Input for this task:
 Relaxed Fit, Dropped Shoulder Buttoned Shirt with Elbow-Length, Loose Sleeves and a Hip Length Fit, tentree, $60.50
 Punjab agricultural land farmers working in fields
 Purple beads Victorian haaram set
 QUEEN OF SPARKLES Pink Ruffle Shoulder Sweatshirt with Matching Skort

---

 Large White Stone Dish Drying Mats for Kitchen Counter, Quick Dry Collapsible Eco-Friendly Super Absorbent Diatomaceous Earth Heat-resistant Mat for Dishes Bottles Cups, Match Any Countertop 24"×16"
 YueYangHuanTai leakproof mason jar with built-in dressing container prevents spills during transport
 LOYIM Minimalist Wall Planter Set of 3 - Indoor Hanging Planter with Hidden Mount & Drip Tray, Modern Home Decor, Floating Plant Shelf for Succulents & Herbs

...

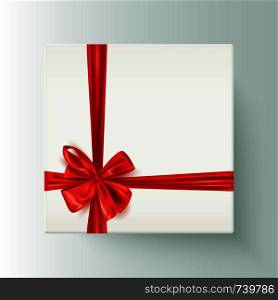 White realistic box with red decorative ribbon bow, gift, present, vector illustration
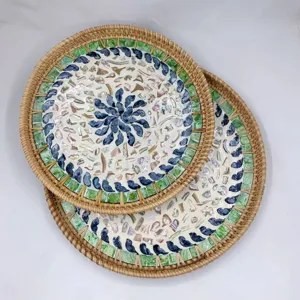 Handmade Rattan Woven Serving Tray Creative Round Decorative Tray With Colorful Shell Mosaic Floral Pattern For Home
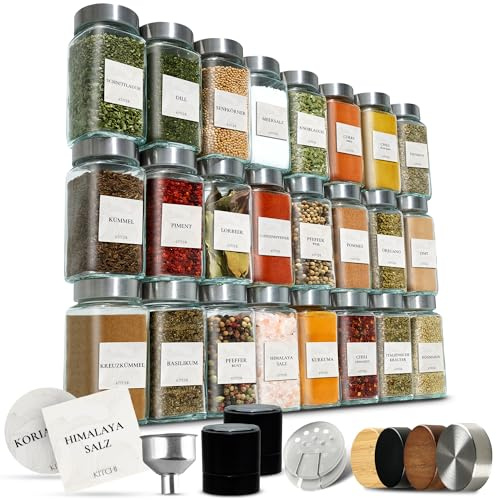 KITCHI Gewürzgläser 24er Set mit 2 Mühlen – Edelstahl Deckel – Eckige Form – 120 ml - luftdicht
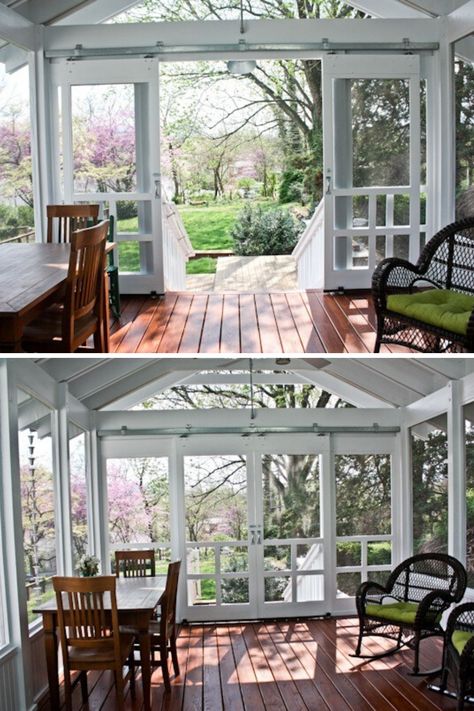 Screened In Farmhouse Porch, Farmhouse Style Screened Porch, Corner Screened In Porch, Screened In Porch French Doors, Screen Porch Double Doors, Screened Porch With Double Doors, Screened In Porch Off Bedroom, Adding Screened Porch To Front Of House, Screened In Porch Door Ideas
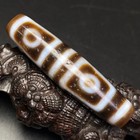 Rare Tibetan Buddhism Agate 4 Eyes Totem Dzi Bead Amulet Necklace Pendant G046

What you are asked to do:
The answer should consist only of the lines above from the one with "Handmade Rattan Woven" through the one with "Rare Tibetan Buddhism", repeated exactly, with no pictures among them.

Task solution:
 Handmade Rattan Woven Serving Tray Creative Round Decorative Tray With Colorful Shell Mosaic Floral Pattern For Home
 KITCHI Gewürzgläser 24er Set mit 2 Mühlen – Edelstahl Deckel – Eckige Form – 120 ml - luftdicht
 Screened In Farmhouse Porch, Farmhouse Style Screened Porch, Corner Screened In Porch, Screened In Porch French Doors, Screen Porch Double Doors, Screened Porch With Double Doors, Screened In Porch Off Bedroom, Adding Screened Porch To Front Of House, Screened In Porch Door Ideas
 Rare Tibetan Buddhism Agate 4 Eyes Totem Dzi Bead Amulet Necklace Pendant G046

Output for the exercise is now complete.